▸ Task to complete
Taking the line with "Madrid amenaza a" as the first and the line with "Mini ONE Mini" as the last, set down exactly every line in that range from the entries below, and no more.

Saved data entries:
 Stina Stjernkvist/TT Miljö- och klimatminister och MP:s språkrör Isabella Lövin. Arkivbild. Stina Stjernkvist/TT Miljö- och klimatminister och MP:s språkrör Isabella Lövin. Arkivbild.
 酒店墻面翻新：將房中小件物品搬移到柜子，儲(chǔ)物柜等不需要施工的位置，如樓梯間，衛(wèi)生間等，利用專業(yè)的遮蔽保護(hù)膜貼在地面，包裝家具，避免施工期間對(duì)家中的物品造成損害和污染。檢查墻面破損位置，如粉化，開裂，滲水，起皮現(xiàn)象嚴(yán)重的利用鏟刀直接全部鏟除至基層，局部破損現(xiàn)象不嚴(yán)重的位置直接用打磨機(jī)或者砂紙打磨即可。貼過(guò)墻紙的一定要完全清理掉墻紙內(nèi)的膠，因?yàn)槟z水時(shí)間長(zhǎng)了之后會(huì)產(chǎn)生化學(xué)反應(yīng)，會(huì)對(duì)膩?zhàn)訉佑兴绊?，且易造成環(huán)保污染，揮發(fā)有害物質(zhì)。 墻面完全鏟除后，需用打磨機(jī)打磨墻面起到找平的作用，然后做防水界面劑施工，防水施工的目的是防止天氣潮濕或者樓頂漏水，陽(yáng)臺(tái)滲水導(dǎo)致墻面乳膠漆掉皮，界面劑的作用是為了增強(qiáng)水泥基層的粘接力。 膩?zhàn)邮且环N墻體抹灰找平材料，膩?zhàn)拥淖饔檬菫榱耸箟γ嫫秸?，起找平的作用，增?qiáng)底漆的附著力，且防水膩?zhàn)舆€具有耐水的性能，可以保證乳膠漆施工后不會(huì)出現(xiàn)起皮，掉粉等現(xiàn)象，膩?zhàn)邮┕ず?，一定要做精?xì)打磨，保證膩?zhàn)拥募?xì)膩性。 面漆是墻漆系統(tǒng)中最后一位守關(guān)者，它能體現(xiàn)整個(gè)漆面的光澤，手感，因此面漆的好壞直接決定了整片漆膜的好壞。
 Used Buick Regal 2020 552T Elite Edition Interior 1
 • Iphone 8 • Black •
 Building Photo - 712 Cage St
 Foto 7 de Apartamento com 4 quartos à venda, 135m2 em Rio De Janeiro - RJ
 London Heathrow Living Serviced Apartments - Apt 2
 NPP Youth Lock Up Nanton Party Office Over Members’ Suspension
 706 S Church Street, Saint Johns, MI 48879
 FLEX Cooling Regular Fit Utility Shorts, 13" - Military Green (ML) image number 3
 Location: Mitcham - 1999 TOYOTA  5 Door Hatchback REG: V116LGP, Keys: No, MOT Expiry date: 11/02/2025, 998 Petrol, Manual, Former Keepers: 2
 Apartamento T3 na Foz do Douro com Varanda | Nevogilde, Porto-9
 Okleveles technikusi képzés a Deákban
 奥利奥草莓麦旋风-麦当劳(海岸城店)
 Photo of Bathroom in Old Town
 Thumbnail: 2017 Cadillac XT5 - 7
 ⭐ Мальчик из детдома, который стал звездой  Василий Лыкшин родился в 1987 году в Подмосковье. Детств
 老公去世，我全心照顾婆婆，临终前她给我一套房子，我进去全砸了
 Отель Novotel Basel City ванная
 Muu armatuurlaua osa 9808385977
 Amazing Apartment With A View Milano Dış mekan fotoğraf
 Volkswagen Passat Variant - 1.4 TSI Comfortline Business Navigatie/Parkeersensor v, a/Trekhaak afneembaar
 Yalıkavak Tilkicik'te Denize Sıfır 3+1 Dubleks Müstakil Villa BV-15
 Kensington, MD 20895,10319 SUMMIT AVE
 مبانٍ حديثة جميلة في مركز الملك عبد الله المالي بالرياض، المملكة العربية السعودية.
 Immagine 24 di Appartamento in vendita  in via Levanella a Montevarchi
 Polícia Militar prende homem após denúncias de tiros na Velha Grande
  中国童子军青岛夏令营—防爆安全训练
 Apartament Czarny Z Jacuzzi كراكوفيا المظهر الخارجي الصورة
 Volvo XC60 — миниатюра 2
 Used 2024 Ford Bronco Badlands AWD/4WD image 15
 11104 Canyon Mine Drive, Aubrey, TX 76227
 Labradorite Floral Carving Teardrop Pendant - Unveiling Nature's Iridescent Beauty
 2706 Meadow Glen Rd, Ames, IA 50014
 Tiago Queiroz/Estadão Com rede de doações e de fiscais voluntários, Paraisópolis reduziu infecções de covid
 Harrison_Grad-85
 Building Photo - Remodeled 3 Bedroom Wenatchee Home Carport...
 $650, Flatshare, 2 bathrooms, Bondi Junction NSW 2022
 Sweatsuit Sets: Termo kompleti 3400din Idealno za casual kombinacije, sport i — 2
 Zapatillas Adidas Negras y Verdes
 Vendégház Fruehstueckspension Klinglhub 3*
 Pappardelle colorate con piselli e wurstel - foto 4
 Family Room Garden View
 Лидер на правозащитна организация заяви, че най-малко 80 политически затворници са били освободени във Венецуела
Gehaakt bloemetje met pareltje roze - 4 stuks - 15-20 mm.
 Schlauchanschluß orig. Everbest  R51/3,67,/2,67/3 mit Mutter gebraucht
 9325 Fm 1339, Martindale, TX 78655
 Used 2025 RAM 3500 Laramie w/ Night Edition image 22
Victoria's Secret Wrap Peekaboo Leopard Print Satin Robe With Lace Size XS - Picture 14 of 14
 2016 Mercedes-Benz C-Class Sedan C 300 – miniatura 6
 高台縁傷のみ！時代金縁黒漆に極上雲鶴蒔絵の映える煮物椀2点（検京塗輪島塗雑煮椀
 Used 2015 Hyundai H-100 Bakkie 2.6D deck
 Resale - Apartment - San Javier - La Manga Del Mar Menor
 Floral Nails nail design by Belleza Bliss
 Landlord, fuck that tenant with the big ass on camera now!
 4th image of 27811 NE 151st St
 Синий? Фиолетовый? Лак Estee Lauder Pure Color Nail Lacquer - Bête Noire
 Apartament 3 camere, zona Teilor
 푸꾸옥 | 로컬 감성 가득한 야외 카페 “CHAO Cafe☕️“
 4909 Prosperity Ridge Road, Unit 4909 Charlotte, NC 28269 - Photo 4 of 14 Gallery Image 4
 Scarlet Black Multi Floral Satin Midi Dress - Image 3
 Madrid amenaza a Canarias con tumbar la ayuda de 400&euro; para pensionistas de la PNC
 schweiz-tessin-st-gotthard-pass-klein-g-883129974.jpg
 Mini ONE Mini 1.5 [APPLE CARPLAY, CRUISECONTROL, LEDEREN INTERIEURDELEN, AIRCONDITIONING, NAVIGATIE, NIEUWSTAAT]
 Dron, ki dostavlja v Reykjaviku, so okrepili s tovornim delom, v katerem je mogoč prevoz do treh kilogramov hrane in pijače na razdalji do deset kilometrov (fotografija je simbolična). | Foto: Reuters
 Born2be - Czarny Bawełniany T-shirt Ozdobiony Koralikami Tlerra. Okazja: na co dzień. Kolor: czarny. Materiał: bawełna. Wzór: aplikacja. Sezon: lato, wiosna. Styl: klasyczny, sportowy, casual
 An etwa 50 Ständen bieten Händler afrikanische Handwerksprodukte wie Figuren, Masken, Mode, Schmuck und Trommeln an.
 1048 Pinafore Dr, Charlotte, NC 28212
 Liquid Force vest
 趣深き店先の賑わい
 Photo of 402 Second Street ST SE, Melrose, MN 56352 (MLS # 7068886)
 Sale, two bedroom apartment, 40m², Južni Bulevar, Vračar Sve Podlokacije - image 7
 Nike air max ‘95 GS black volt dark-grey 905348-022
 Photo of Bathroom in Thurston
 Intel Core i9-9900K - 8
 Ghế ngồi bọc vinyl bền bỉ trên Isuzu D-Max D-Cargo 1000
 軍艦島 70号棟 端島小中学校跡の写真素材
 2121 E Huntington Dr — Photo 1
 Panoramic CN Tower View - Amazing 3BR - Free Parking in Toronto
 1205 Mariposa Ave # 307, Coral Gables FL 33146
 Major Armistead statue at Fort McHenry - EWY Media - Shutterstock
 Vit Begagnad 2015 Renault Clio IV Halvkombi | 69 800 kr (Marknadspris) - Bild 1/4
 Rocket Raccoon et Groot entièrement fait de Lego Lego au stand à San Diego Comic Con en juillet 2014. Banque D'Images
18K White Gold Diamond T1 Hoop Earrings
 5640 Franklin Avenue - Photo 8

▸ Solution to this problem
 Madrid amenaza a Canarias con tumbar la ayuda de 400&euro; para pensionistas de la PNC
 schweiz-tessin-st-gotthard-pass-klein-g-883129974.jpg
 Mini ONE Mini 1.5 [APPLE CARPLAY, CRUISECONTROL, LEDEREN INTERIEURDELEN, AIRCONDITIONING, NAVIGATIE, NIEUWSTAAT]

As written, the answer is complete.